= Skewness risk =

Financial modeling term

Skewness risk in forecasting models utilized in the financial field is the risk that results when observations are not spread symmetrically around an average value, but instead have a skewed distribution. As a result, the mean and the median can be different. Skewness risk can arise in any quantitative model that assumes a symmetric distribution (such as the normal distribution) but is applied to skewed data.

Ignoring skewness risk, by assuming that variables are symmetrically distributed when they are not, will cause any model to understate the risk of variables with high skewness.

Skewness risk plays an important role in hypothesis testing. The analysis of variance, one of the most common tests used in hypothesis testing, assumes that the data is normally distributed. If the variables tested are not normally distributed because they are too skewed, the test cannot be used. Instead, nonparametric tests can be used, such as the Mann–Whitney test for an unpaired situation or the sign test for a paired situation.

Skewness risk and kurtosis risk also have technical implications in calculation of value at risk. If either are ignored, the value at risk calculations will be flawed.

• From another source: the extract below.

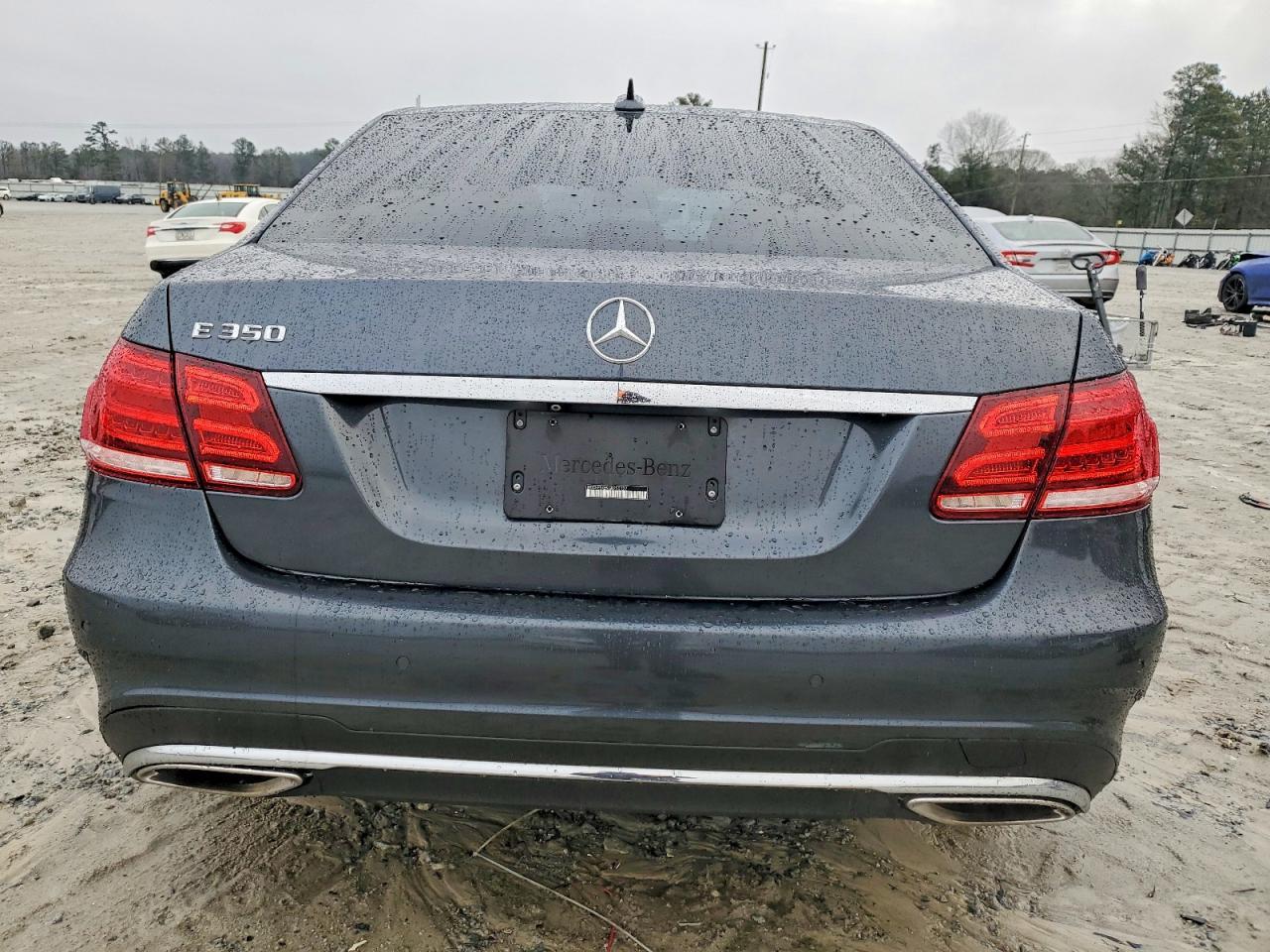 2016 MERCEDES-BENZ E-Class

Benoît Mandelbrot, a French mathematician, extensively researched this issue. He feels that the extensive reliance on the normal distribution for much of the body of modern finance and investment theory is a serious flaw of any related models (including the Black–Scholes model and CAPM). He explained his views and alternative finance theory in a book: The (Mis)Behavior of Markets: A Fractal View of Risk, Ruin and Reward.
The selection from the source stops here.